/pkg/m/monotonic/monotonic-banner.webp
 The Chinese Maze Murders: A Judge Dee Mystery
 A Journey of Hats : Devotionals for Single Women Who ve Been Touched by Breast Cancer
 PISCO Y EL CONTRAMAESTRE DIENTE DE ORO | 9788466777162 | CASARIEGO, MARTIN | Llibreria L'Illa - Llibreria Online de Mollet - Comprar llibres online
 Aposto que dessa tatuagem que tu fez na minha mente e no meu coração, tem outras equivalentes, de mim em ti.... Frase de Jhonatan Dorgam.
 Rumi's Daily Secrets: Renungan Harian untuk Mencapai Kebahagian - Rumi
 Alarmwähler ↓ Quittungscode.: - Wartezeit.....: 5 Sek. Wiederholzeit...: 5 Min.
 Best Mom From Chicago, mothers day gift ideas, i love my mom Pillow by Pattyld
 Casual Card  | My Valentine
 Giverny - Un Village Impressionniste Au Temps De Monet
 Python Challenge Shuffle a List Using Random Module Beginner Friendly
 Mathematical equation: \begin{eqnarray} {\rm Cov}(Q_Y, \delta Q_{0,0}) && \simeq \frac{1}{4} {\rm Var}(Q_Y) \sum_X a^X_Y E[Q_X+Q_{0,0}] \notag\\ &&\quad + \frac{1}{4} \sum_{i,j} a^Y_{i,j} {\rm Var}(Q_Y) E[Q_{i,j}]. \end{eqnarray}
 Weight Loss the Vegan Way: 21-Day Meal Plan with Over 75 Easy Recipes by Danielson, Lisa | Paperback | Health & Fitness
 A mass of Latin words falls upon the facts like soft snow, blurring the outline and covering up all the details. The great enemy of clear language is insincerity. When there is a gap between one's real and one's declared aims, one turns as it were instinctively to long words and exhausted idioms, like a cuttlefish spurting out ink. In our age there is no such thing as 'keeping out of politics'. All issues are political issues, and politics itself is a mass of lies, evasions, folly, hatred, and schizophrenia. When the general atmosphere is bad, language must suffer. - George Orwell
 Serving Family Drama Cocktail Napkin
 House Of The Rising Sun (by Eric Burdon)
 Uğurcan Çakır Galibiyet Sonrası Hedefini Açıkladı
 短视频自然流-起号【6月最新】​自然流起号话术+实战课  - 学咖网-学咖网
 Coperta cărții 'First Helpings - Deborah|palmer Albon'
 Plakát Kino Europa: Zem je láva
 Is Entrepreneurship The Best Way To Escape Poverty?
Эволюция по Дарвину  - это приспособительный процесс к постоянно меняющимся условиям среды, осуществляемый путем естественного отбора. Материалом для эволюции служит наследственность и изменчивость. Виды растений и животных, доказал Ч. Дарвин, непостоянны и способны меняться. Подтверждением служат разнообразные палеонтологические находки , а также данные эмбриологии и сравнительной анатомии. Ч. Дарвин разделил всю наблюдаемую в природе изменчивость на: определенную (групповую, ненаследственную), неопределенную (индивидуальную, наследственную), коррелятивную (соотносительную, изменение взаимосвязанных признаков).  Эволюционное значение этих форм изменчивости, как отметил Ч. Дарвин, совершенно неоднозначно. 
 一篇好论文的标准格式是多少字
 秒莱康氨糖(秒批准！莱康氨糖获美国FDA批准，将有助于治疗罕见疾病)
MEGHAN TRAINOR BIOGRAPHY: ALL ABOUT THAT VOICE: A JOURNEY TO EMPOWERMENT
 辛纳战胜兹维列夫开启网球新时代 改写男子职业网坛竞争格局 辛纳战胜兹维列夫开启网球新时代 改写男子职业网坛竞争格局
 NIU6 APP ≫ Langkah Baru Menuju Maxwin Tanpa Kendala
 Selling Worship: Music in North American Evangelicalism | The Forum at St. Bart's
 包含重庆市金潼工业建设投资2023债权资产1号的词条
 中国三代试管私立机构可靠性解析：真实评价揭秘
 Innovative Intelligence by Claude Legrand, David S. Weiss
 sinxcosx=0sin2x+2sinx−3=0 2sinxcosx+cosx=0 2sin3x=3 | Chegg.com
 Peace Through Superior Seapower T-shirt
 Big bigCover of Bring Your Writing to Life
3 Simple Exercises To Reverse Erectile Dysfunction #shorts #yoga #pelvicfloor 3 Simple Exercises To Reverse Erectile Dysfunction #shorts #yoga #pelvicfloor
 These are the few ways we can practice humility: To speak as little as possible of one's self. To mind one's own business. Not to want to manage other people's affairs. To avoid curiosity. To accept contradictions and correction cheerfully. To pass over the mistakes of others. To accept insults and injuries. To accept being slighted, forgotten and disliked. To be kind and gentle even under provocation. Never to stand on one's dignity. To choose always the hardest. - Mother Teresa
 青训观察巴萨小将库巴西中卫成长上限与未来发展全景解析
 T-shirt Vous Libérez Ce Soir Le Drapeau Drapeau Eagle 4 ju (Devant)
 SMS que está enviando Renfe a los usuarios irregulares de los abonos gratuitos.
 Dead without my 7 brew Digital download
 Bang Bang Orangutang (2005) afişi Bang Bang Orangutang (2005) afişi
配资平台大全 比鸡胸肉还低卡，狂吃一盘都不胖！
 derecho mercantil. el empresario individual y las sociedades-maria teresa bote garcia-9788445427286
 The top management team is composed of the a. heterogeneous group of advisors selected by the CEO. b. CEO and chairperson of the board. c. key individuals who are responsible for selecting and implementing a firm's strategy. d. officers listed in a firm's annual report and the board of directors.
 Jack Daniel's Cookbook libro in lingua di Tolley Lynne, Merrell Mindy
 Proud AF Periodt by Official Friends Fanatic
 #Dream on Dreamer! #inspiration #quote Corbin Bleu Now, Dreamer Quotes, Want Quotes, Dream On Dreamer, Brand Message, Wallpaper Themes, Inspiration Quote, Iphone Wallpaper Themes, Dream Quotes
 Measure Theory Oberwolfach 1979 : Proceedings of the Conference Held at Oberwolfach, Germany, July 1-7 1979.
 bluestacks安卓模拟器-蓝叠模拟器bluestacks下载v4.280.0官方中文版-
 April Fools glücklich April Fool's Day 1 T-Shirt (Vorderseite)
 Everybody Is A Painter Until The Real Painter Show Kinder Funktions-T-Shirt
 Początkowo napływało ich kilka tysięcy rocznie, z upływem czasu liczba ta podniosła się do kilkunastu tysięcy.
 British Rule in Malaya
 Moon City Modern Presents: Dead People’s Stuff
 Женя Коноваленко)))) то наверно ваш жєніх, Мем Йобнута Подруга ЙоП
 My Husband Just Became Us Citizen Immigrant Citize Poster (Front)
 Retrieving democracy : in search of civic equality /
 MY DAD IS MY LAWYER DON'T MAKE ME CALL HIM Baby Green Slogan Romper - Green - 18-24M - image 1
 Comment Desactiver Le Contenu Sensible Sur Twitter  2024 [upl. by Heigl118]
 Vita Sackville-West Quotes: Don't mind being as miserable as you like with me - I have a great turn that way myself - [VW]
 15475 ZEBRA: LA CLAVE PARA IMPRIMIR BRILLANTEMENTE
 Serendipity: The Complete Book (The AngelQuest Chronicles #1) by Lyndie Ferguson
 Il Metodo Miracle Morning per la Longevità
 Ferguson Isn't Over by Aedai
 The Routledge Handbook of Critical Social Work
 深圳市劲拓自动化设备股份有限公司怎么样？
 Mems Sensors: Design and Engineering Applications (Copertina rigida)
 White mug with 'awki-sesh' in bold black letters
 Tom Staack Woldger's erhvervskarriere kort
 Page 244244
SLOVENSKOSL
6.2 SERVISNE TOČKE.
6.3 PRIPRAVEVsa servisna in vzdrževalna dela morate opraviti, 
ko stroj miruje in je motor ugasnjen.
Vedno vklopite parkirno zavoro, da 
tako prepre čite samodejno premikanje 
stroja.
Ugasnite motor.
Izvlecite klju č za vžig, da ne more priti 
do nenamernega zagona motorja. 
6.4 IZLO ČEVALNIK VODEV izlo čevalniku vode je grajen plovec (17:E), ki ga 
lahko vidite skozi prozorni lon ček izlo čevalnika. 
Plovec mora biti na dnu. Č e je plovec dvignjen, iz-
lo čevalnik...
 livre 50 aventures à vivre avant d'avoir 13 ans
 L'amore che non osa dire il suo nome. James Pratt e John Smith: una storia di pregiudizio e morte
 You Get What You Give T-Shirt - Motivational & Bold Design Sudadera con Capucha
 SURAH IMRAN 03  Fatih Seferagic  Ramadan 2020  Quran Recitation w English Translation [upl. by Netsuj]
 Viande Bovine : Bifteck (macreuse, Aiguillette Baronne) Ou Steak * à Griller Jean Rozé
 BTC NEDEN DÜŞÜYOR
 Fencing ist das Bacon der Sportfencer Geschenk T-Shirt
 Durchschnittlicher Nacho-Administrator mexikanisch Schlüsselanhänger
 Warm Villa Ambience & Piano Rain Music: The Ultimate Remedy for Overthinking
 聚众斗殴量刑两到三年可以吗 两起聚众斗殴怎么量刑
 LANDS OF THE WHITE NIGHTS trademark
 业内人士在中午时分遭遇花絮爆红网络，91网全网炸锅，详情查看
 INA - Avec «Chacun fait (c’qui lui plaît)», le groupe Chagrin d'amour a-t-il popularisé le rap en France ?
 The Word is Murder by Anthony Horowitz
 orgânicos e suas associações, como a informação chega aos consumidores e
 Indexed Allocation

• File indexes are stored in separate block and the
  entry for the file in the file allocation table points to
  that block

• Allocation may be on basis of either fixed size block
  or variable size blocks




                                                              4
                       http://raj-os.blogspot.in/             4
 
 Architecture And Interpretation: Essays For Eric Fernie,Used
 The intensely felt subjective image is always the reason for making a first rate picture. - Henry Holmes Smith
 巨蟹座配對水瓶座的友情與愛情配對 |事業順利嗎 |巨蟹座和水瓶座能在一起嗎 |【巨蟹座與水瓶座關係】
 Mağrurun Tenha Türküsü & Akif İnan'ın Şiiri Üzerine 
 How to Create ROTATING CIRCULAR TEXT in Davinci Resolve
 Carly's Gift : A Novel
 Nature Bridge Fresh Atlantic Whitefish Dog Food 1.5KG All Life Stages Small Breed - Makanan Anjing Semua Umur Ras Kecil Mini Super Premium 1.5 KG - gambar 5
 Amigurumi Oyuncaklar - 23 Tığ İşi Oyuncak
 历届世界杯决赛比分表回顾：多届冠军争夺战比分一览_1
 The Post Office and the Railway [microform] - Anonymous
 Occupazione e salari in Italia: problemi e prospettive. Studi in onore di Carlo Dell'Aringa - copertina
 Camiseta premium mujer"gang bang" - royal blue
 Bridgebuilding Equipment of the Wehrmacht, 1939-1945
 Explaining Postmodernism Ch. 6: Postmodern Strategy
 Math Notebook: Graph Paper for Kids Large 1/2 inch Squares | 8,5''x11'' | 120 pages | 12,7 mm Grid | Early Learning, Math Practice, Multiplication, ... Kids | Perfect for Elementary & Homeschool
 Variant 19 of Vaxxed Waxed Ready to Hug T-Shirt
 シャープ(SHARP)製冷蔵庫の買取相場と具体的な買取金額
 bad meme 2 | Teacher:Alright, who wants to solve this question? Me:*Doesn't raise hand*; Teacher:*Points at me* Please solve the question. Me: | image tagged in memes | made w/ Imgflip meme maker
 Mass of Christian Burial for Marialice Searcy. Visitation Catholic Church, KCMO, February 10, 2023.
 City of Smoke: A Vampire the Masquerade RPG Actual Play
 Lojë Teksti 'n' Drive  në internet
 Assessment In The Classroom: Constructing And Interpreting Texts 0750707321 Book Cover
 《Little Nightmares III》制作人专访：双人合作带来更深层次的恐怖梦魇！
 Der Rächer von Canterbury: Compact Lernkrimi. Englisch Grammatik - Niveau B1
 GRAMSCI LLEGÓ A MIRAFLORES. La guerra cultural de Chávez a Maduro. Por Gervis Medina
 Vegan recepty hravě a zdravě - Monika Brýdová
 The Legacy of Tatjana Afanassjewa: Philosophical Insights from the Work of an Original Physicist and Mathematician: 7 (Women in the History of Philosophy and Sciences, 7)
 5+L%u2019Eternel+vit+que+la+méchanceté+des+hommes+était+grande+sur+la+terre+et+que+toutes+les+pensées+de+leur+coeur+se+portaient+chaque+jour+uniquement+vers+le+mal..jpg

### WHAT THE TASK REQUIRES:
Transcribe only, please, the lines from the first line of the records through the line with "Weight Loss the". Both of those lines are included.

### SOLUTION TO THIS PROBLEM:
/pkg/m/monotonic/monotonic-banner.webp
 The Chinese Maze Murders: A Judge Dee Mystery
 A Journey of Hats : Devotionals for Single Women Who ve Been Touched by Breast Cancer
 PISCO Y EL CONTRAMAESTRE DIENTE DE ORO | 9788466777162 | CASARIEGO, MARTIN | Llibreria L'Illa - Llibreria Online de Mollet - Comprar llibres online
 Aposto que dessa tatuagem que tu fez na minha mente e no meu coração, tem outras equivalentes, de mim em ti.... Frase de Jhonatan Dorgam.
 Rumi's Daily Secrets: Renungan Harian untuk Mencapai Kebahagian - Rumi
 Alarmwähler ↓ Quittungscode.: - Wartezeit.....: 5 Sek. Wiederholzeit...: 5 Min.
 Best Mom From Chicago, mothers day gift ideas, i love my mom Pillow by Pattyld
 Casual Card  | My Valentine
 Giverny - Un Village Impressionniste Au Temps De Monet
 Python Challenge Shuffle a List Using Random Module Beginner Friendly
 Mathematical equation: \begin{eqnarray} {\rm Cov}(Q_Y, \delta Q_{0,0}) && \simeq \frac{1}{4} {\rm Var}(Q_Y) \sum_X a^X_Y E[Q_X+Q_{0,0}] \notag\\ &&\quad + \frac{1}{4} \sum_{i,j} a^Y_{i,j} {\rm Var}(Q_Y) E[Q_{i,j}]. \end{eqnarray}
 Weight Loss the Vegan Way: 21-Day Meal Plan with Over 75 Easy Recipes by Danielson, Lisa | Paperback | Health & Fitness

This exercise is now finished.